Work task — As soon as the line containing "(Her impression is" appears in the material below, start returning lines exactly, and end with the line containing "ストライプシアートップス 2色展開".

************

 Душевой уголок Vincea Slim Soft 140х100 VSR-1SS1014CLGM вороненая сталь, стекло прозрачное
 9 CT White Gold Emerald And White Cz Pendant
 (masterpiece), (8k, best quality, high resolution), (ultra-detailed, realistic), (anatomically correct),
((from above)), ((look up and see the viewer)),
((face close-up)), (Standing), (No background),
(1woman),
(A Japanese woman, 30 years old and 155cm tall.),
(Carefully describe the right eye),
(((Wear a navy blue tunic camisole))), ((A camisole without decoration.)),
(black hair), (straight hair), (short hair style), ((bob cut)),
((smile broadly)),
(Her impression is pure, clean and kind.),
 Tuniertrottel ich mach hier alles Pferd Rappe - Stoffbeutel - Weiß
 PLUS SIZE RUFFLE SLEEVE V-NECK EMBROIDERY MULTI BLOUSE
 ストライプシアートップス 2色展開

************

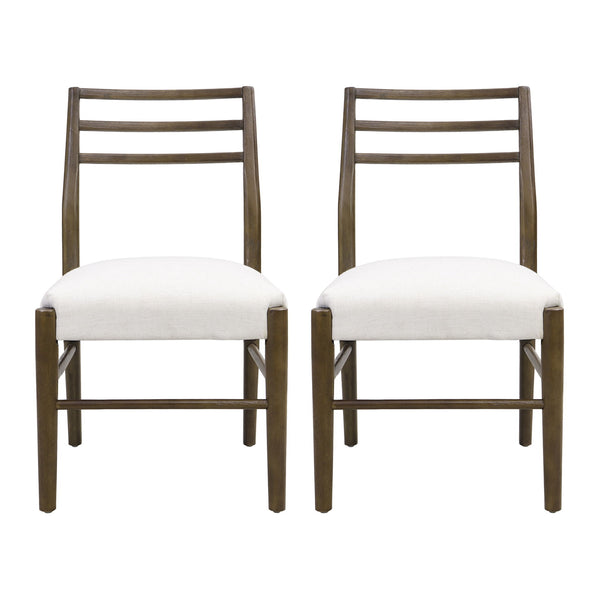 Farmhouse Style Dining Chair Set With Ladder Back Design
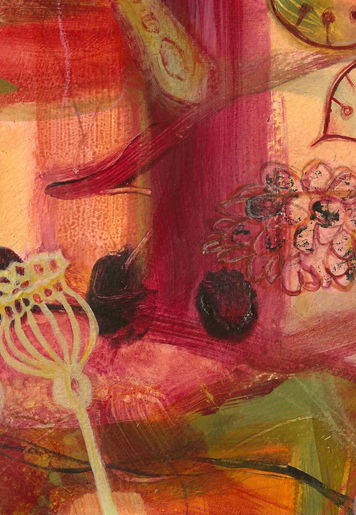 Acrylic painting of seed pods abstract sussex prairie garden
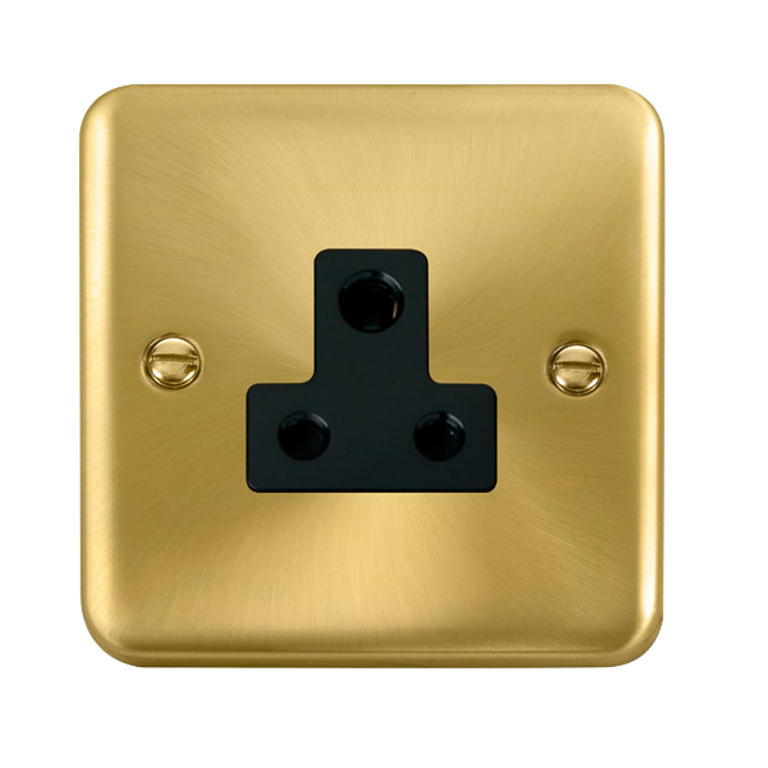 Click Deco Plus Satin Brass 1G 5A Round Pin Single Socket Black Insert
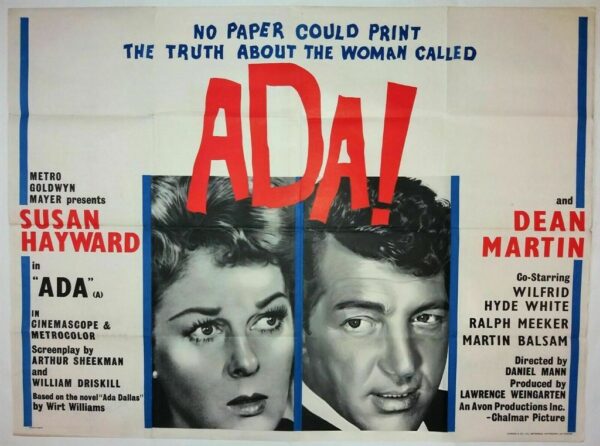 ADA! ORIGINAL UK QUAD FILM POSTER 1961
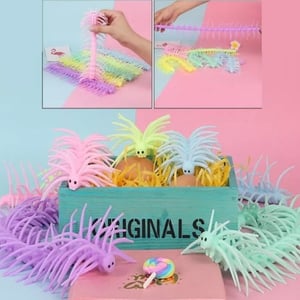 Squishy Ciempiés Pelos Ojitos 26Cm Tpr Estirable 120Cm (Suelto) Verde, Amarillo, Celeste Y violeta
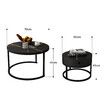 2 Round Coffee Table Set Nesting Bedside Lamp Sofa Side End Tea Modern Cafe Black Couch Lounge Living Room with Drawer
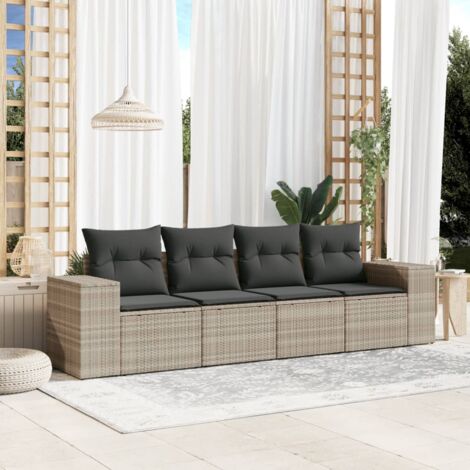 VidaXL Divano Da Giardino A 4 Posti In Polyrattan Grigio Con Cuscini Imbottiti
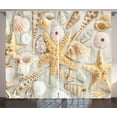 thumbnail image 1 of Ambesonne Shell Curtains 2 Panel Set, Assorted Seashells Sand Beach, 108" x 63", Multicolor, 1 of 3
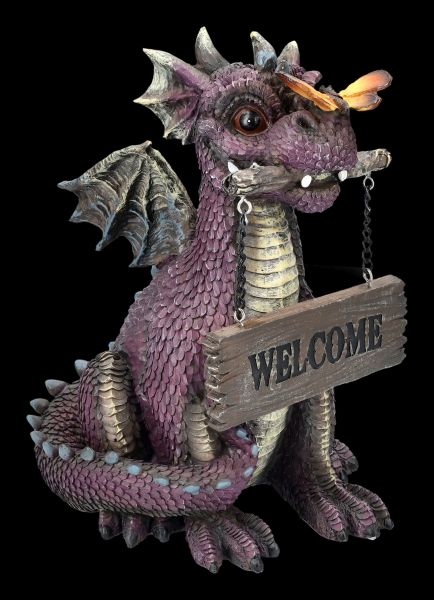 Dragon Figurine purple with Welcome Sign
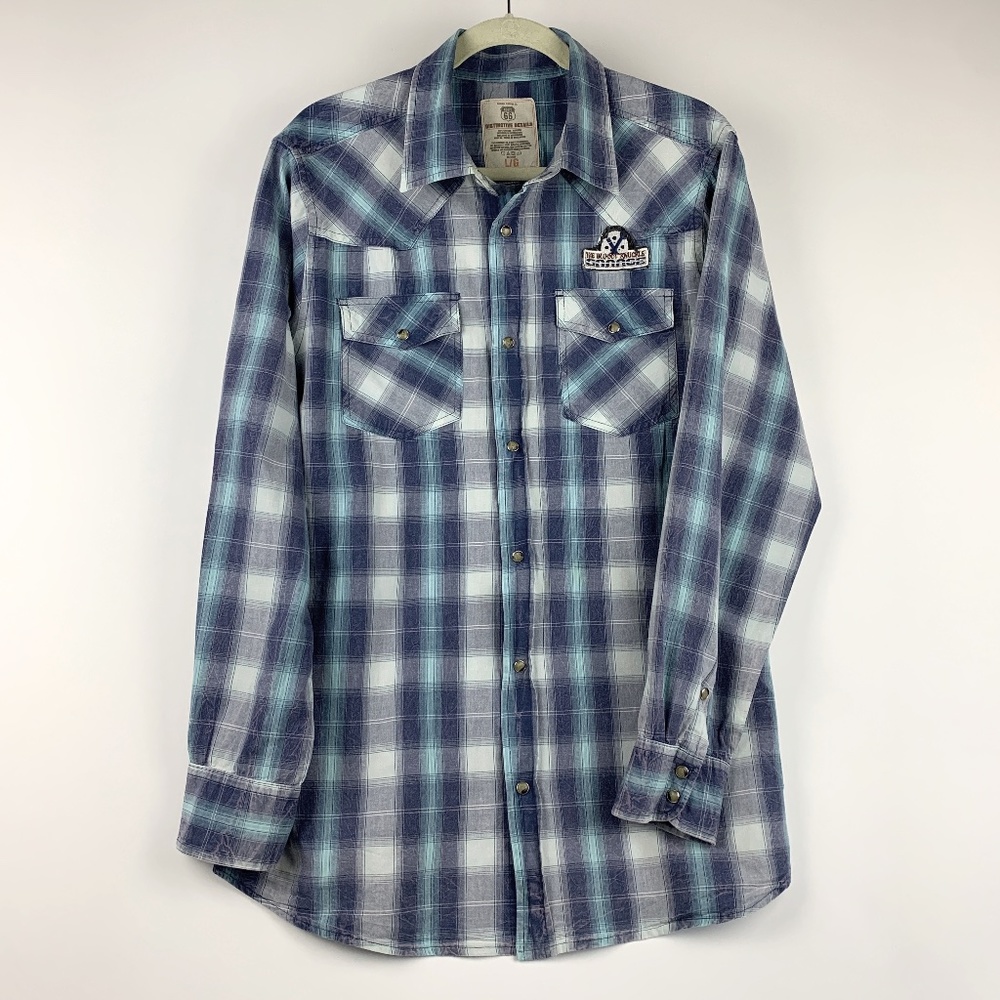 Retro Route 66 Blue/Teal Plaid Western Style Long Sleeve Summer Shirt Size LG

************

Solution for this problem —
(Her impression is pure, clean and kind.),
 Tuniertrottel ich mach hier alles Pferd Rappe - Stoffbeutel - Weiß
 PLUS SIZE RUFFLE SLEEVE V-NECK EMBROIDERY MULTI BLOUSE
 ストライプシアートップス 2色展開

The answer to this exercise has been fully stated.